"The men in varied and extraordinary deshabille pour into the streets, throng the milk shops, drag their barrows out, and begin to mix and freeze the ices." (http://www.victorianlondon.org/publications/thomson-19.htm)
Swiss Italian Carlo Gatti started selling halfpenny ices in London, England in 1850. Later, a "little Italy" developped in the Clerkenwell district of the city. Halfpenny ices became a big industry in London, employing many Italian workers, many from Calabria. A halfpenny ice man's day commenced at 4 am. He picked up his ice in a barrow, which he mixed with sugar and flavouring (strawberry, lemon). Cream ices also contained milk.

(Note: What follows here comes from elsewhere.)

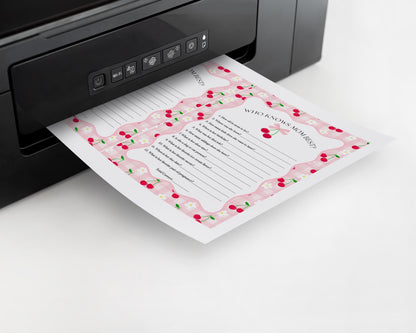 Pink Cherry Gingham Baby Shower Games Template, Coquette Sweet Cherry on Top Baby Sprinkle, Pastel Gingham Nesting Party Decor WP1071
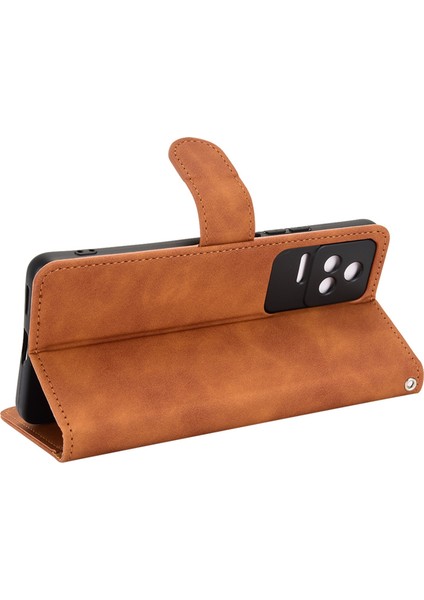 Xiaomi Için Poco F4 5g/redmi K40S 5g Stand Stand Cüzdan Pu Deri Kılıf Deri Touch Hissed Folio Flip Flip Koruyucu Kapak Kayış-Kahverengi (Yurt Dışından) indirimleri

The ice men would walk as much as 10 to 20 miles up and down the streets of London selling half penny ices. John Thomson explains that "the Italian ice man sets an example of steady perserverance, economy and foresight". There were the halfpenny ice men who looked dirty and rough around the edges. These ice men would lay asphalt in the winter when the demand for ices was low. With effort, however, the ice man could work his way up and trade in his barrow for a cart. The most hard working ice men wintered in Italy, a luxury that most Londoners could ill afford.
Entrepreneur Carlo Gatti's ices were such a success, that he branched out. He started importing ice from Norway and then shipping it up the River Thames. His business became London's biggest ice importer and made Gatti a millionaire by the time of his death in 1870.